The 33-year-old Katoomba engineer and tunnel rat, Corporal Robert Walter Bowtell, died in poisonous gas in the underground labyrinth of a Viet Cong tunnel in South Vietnam, while on duty with the 3rd Field Troop of Royal Australian Engineers.
A 45 kg young sapper, Alan Sparrow Christie, had the job of trying to rescue his much larger superior and passed out in the process. The mans death still haunts him 50 years on.
As he told the Gazette recently: The death of Bob Bowtell was the most traumatic event that I ever experienced in my entire lifetime.
Even though I spent another nine months on operations in Vietnam, where I went through many incidents and engagements, nothing had the effect on me other than what I considered my failure to rescue Bob from that tunnel.

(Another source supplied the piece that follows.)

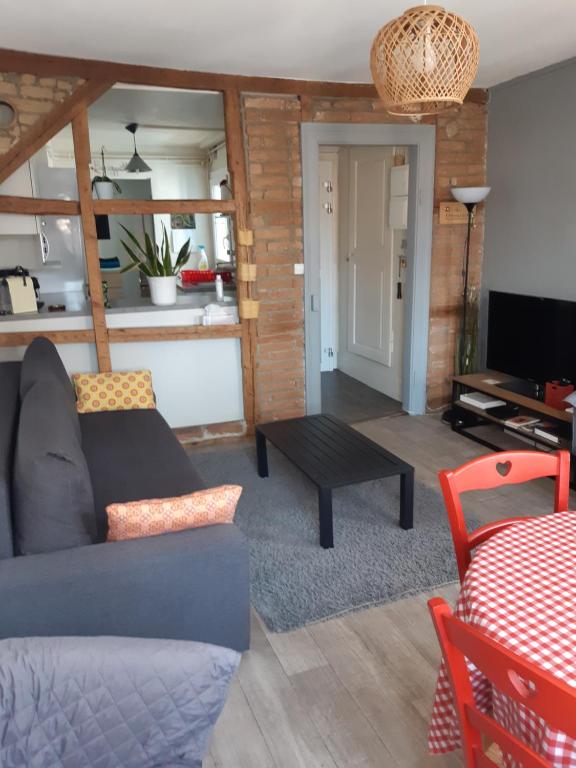 a living room with a couch and a table at Bienvenue à Strasbourg - Krutenau in Strasbourg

Third Field Troop Engineers broke into the tunnel complex and was in the process of thoroughly exploring it and recovering as much weaponry, ammunition, stores and intelligence as possible
As new entrances were discovered, engineers were called to investigate and at the end of the day tear gas and smoke grenades were thrown down in the hope no one would emerge at night inside our defensive perimeter.
By all accounts Bob Bowtell was happy to lead from the front and had forced himself through a tiny concrete trapdoor.
The practice of throwing tear gas and smoke grenades into other tunnel entrances, especially smoke grenades as it burns all the oxygen in the air, had come back to haunt us. Bob had lost consciousness due to the lack of oxygen in the air, Mr Christie said.
Peter Ash and myself were sent to try and recover him but his larger body frame would not allow us to pull him through the tiny trapdoor both Peter and myself also succumbed to the lack of oxygen and had to be pulled out unconscious.
Ultimately a shaft was dug beside the tunnel by hand and Bobs body recovered.
Mr Christie has battled depression and alcohol abuse but said his salvation came in 1976 when Trevor Shelley, another old tunnel rat from Vietnam, Malaysia and Thailand days asked me to go to the Highlands of New Guinea to build roads.
Over the years I found myself building things in New Guinea, Solomon Island and Western Australia instead of destroying them.
Mr Christie recently met with Corporal Bowtells children from the Central West during the Richmond RAAF base ramp ceremony when Bowtells remains, and those of 32 other veterans and dependants, were finally returned to Australia on June 2 this year. Mr Christie said he owed the family special thanks for making the time to find me and ultimately help me putting my ghosts and fears to rest.
Corporal Bowtell is remembered at the Lawson War Memorial and will be honoured in a Welcome Home service [with Private Ron Field] on August 13 at the memorial in Honour Avenue, starting at 11am.